Le Game 1 est inoubliable, pour les fautes provoquées et les réactions d’après-match. Ce n’est plus du basket, s’insurgent les observateurs américains, qui voient en Chris Paul un joueur cherchant bien plus les coups de sifflets que la meilleure action possible. Expulsé, CP3 est dans le viseur de tout le monde. Mais le Game 5 avec un KD qui se blesse reste tout autant dans les mémoires, 11 points à 3/14 au tir dont 0/6 à trois-points. Futur Hall of Famer ? Le jeu ne le dit pas, en tout cas pas ce soir-là. Surtout quand, entre ce match et le suivant, Paul va se permettre le plus culotté des passes-droits.
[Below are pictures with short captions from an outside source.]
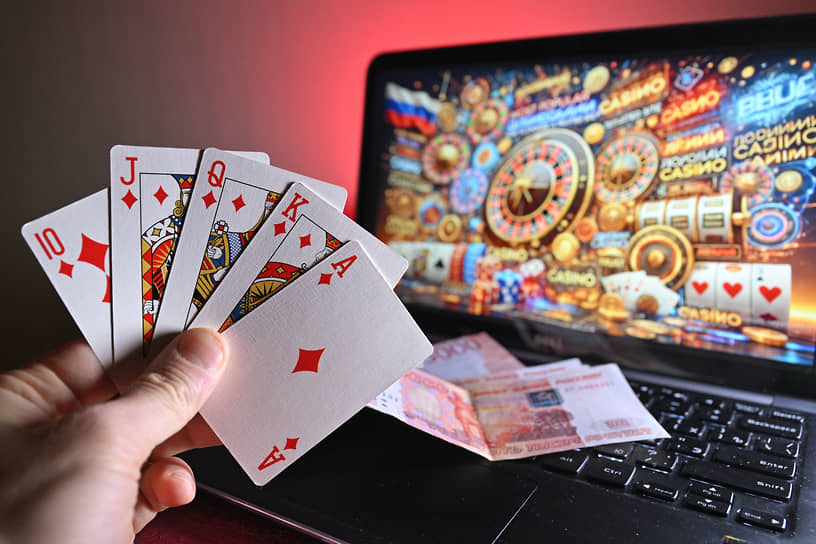 The Complete Guide to Kaasino Casino Registration Process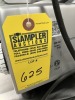 BIZERBA SLICER - SERIAL No. 12286054 (LOCATED IN PEMBROKE PARK, FL) - 5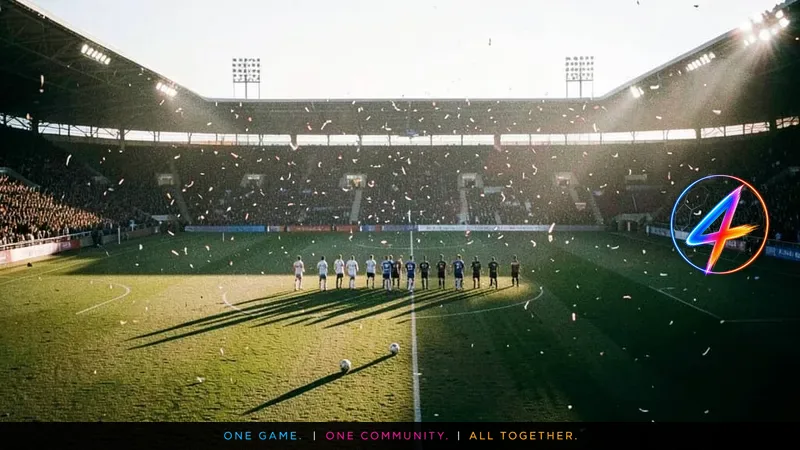 Marché libre des entraîneurs d'Europe gonfle après la Coupe du Monde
Alors que Stephen Curry veut s’entraîner avant le Game 6, Chris va entendre parler de cette réservation, se pointer au Toyota Center et virer le meneur des Warriors de la salle pour jouer à un mindgame des plus douteux. Ce Game 6 sera celui de l’explosion pour Curry, 33 points en seconde mi-temps, encore une torture pour Paul. Encore un cadeau offert par Steph, le même homme qui l’a placé on skates avec plus d’un crossover sur la décennie 2010. Et encore désabusé, encore en conférence de presse, CP3 va quitter les Playoffs le regard vide. La honte qui va avec, cette fois. Car dans la continuité d’une saison régulière moyenne, Paul va envoyer parmi ses pires moyennes en carrière en Playoffs, les chiffres allant avec l’impact sur le terrain. Le doux rêve de 2018 est terminé, il n’y aura pas de revanche salvatrice. Et pire encore, la franchise de Houston va imploser, avec la mise en vente des joueurs sur le marché dont Chris Paul. Mais qui voudra de ce mec ? La phrase semble impensable, et pourtant aujourd’hui entre sa production et son contrat, on y est.

Nous sommes le 1er juin 2019. Qui sait ce que la fin de carrière de Chris Paul nous réservera. Peut-être de bonnes surprises, peut-être une autre franchise, peut-être la réalisation de cette projection envoyée il y a quelques années, lorsqu’on voulait voir ce meneur all-time remporter une bague, afin que justice soit faite. Aujourd’hui ? On s’en fout complètement. Pas par méchanceté, mais tout simplement car CP3 a détruit l’image qu’il avait réussit à construire pendant des années. De beautiful loser à loser tout court. Quelle tristesse.